Tutti i dati. Sono attualmente 6520 - informano dalla Regione - i lavoratori che in Umbria usufruiscono degli ammortizzatori sociali in deroga e si stima che entro la fine del 2009 raggiungeranno le 8mila unità. Delle 1095 imprese che hanno fatto domanda, 946 hanno già passato l’esame congiunto in Regione, di queste circa i tre quarti sono artigiane. Fra le imprese 10 hanno chiesto la mobilità in deroga per 67 lavoratori, mentre le rimanenti hanno avanzato richiesta di CIG per il massimo periodo consentito. Il 20% delle imprese opera nel comparto dell’abbigliamento e circa il 7% nel tessile. Rilevante (18,2%) anche il numero di richieste provenienti dalla metallurgia, dalla lavorazione dei materiali non metalliferi (8,6%), dalle costruzioni (8%), dalla lavorazione del legno (7%) e dal commercio (6,8%). Dei lavoratori, che sono per il 14,3% stranieri e per quasi il 45% donne, il 65% sono operai, le figure impiegatizie sono il 10%, mentre gli apprendisti sono circa il 20% (con un’incidenza elevata in quanto tale categoria non rientra nel campo di applicazione di CIGO e GIGS). Perciò l’età media dei lavoratori risulta piuttosto bassa: quasi la metà ha meno di 35 anni (i soggetti con meno di 25 anni sono il 16,6%, i 25-34enni il 30%, i 35-44enni il 27,3% e gli over 44 il restante 26,1%). Risulta molto contenuta (2,4%) la presenza di laureati, di contro la metà dei lavoratori è in possesso della licenza media inferiore. I qualificati sono il 5,3% e i diplomati il 28,2%. Del 14,6% dei lavoratori non si conosce il titolo di studio o ne posseggono uno non riconosciuto nel nostro Paese. Per quanto riguarda la dislocazione territoriale, netta è la prevalenza della provincia di Perugia sulla quale sembra concentrarsi maggiormente la crisi.
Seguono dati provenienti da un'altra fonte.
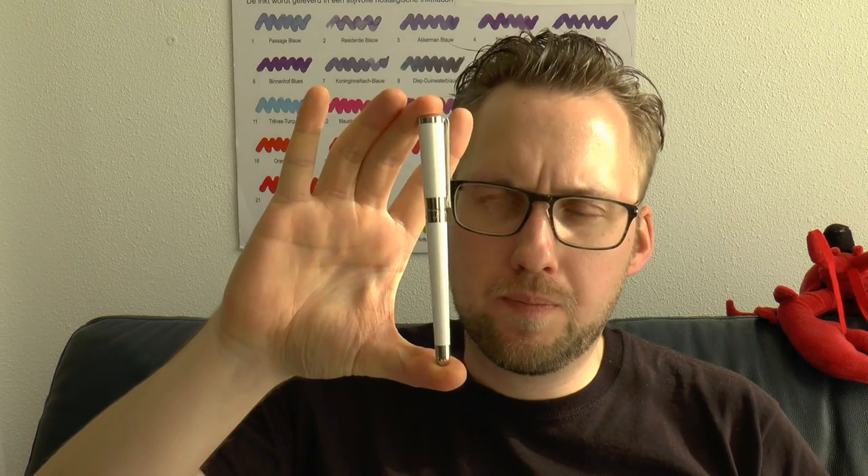And then of course there is the pen, and we are talking about the Liberté — and not just any Liberté. This is the white and palladium finish. And there's the pen. Obviously white with palladium trim. This pen definitely has some things going for it, so I'm going to cover the parts of the pen and tell you what I like about it, what I don't like about it, and then a little writing sample.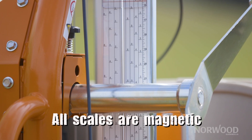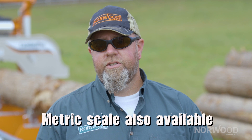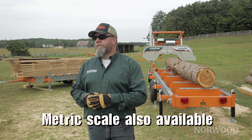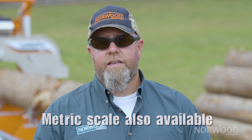It's a simple scale — it goes on right over top of your other one. It's magnetic, so it's quite easy to use. The other scale that we have isn't quite as common, but I do get asked about it, and that's our metric scale. So if you're building to European or really worldwide specs and you're not using SAE measurement, then you might want to use the metric scale, and we do have it available as well.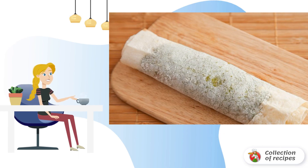Ready-made pita pancakes with filling can be served. Bon appétit!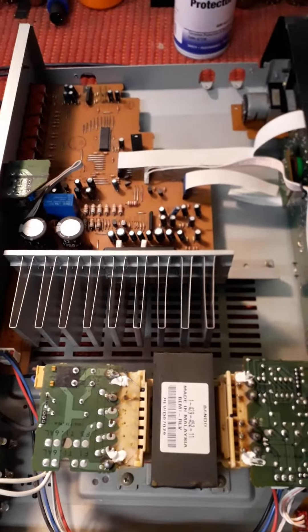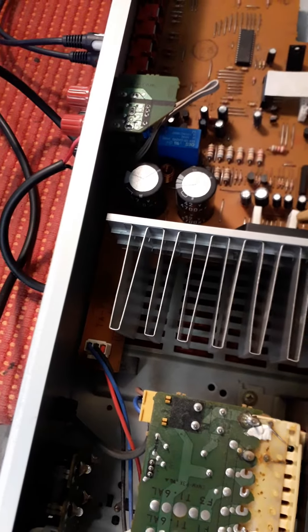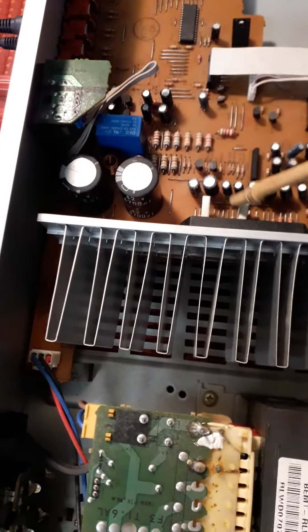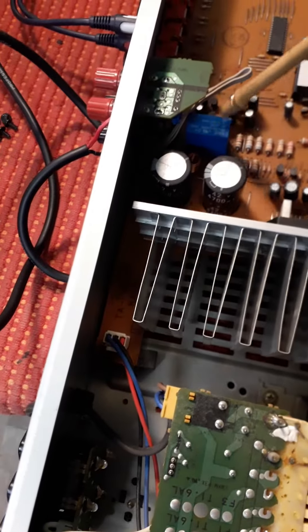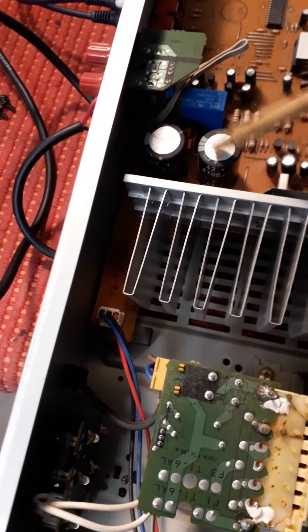Just a quick overview of this amp. The leg of a resistor was broken, and it was stopping the relay from opening. There was also a dodgy connection on the bottom of the cap.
Quasi il 90% delle domande proviene da aziende con sede legale nella provincia di Perugia in cui opera l’83% dei lavoratori. Considerando il domicilio: l’82,5% dei lavoratori è della provincia di Perugia (il 40,6% nell’area del Centro per l’impiego di Perugia, il 21,2% in quella del CPI di Città di Castello e il 20,7% in quella del CPI di Foligno), il 14,9% di quella di Terni (il 12,4% nell’area del Centro per l’impiego di Terni e il 2,5% in quella del CPI di Orvieto) e il restante 2,6% lavora in aziende umbre ma è domiciliato in comuni limitrofi alla nostra regione.